The abstract describes a method and system for an insulation system of a stator, involving processing images of the stator to estimate varnish fill percentages using artificial intelligence.

  • Images of the stator are received and processed to generate varnish estimates and void estimates.
  • The processed images are used to train a deep learning tool to estimate varnish fill percentages.
  • The varnish fill percentages are displayed at a display device.

Potential Applications

This technology could be applied in industries such as manufacturing, electrical engineering, and automation for efficient stator insulation analysis and maintenance.

Problems Solved

This technology helps in accurately estimating varnish fill percentages in stators, which is crucial for ensuring optimal performance and longevity of electrical equipment.

Benefits

The benefits of this technology include improved accuracy in varnish fill percentage estimation, enhanced maintenance planning, and increased efficiency in stator insulation analysis.

Potential Commercial Applications

A potential commercial application of this technology could be in the development of advanced stator insulation analysis tools for manufacturers and maintenance service providers.

Possible Prior Art

One possible prior art could be traditional methods of stator insulation analysis, which may involve manual inspection and estimation techniques that are less accurate and efficient compared to the AI-based approach described in this patent application.

Unanswered Questions

How does this technology compare to existing stator insulation analysis methods?

This technology offers a more accurate and efficient way to estimate varnish fill percentages in stators compared to traditional manual inspection methods.
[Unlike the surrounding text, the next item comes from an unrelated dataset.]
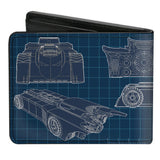 Bi-Fold Wallet - Batman Batmobile Blueprint Tech Turns Blues White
It utilizes artificial intelligence and deep learning to process images and generate estimates, leading to improved accuracy and reliability in stator insulation analysis.
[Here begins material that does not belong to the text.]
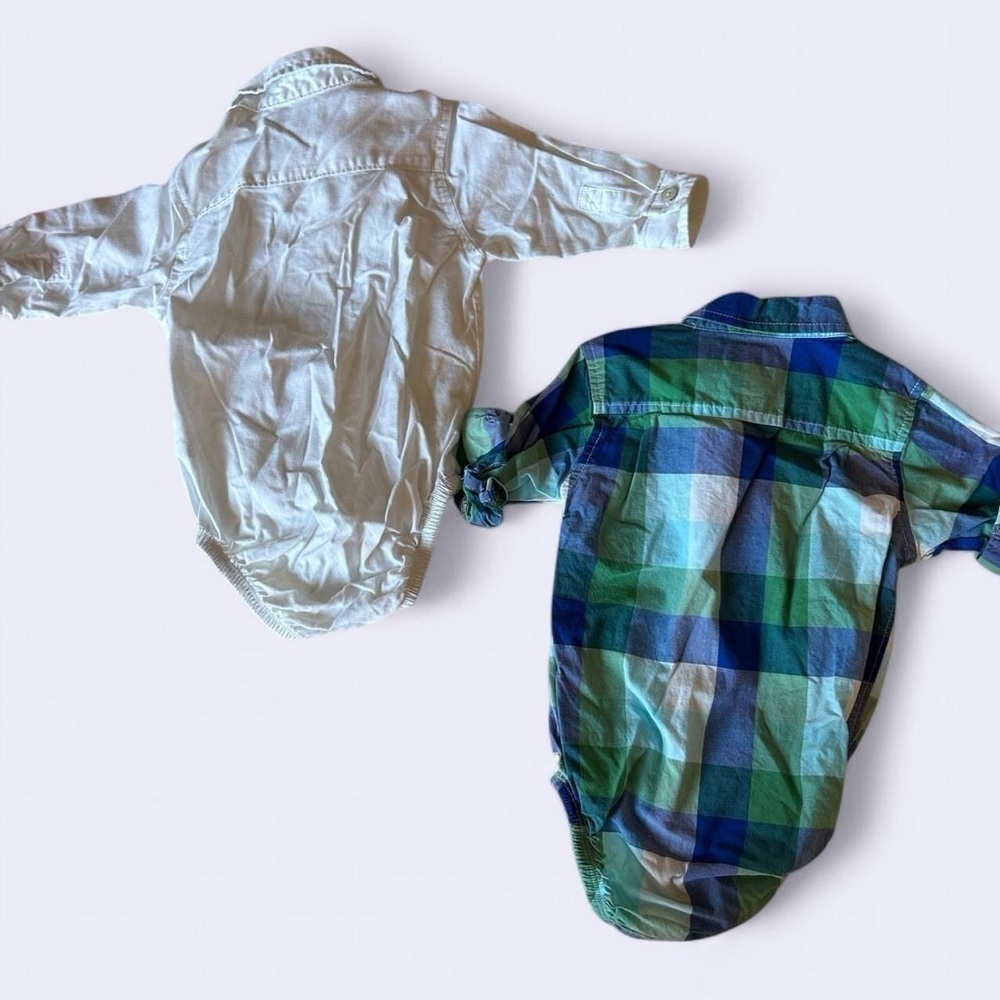 Baby Bodysuit Set - White and Plaid - Picture 2 of 9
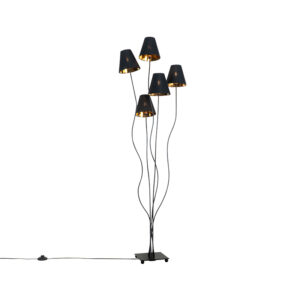 Designová stojací lampa černá se zlatým 5 světlem – Melis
What are the potential limitations or challenges of implementing this technology in real-world applications?

One potential limitation could be the initial cost and resources required to set up the AI model and deep learning tool for estimating varnish fill percentages. Additionally, there may be challenges in integrating this technology into existing stator maintenance workflows and systems.


Original Abstract Submitted

Methods and systems are provided for an insulation system of a stator. In one example, a method may include receiving images of the stator at a processor of a computing system and processing the images by converting the images to one or more of cluster-only images and binary masks. The images may be fed to an artificial intelligence (AI) model to obtain one or more of varnish estimates and void estimates to generate a training dataset which may be used to train a deep learning tool to estimate varnish fill percentages from the images and display the varnish fill percentages at a display device.